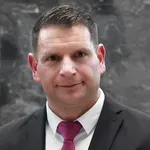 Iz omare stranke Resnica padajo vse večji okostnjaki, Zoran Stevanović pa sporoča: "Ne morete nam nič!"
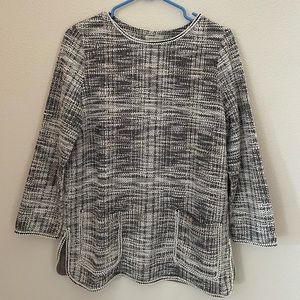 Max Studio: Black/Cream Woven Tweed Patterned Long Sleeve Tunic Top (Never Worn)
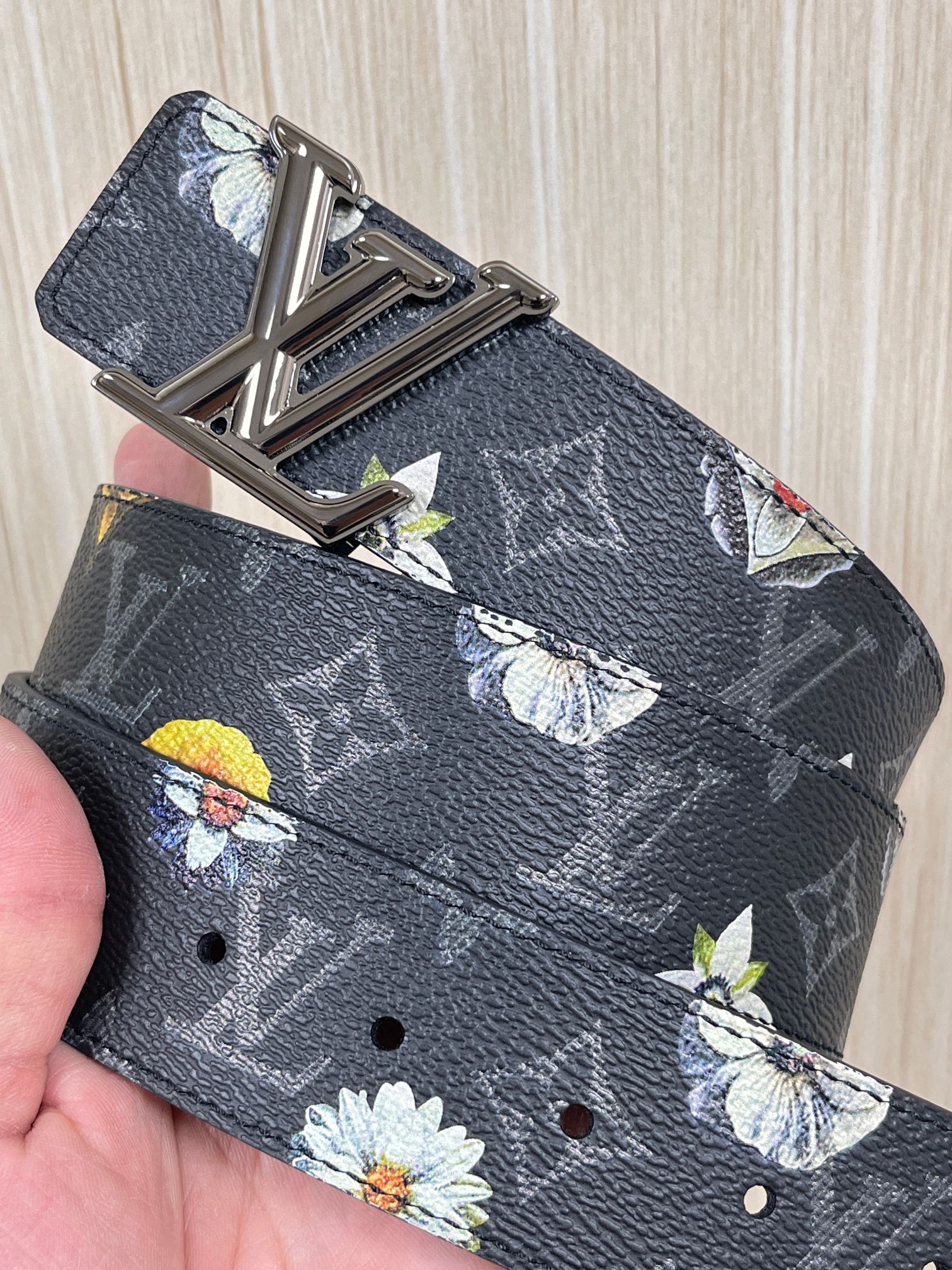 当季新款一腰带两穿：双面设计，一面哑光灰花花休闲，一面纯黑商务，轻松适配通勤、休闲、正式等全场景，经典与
==
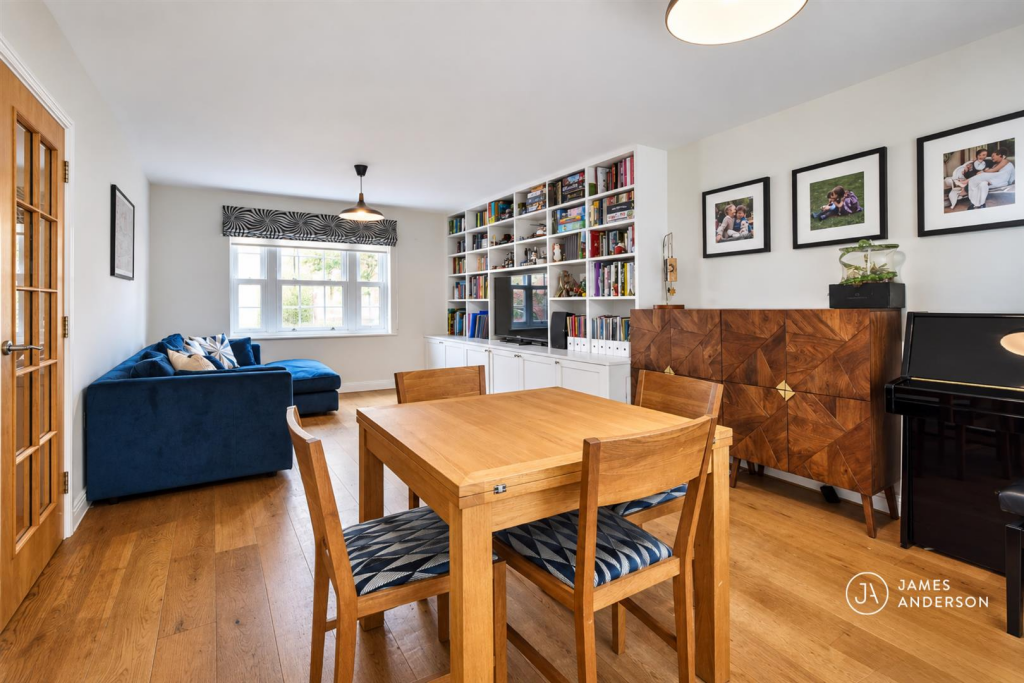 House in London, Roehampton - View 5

• **EXERCISE REQUIREMENTS**: Transcribe, from the material above, the stretch starting at the line with "Iz omare stranke" and ending at the line with "当季新款一腰带两穿：双面设计", both included, exactly. Do not carry over pictures.

• **EXPECTED ANSWER**:
 Iz omare stranke Resnica padajo vse večji okostnjaki, Zoran Stevanović pa sporoča: "Ne morete nam nič!"
 Max Studio: Black/Cream Woven Tweed Patterned Long Sleeve Tunic Top (Never Worn)
 当季新款一腰带两穿：双面设计，一面哑光灰花花休闲，一面纯黑商务，轻松适配通勤、休闲、正式等全场景，经典与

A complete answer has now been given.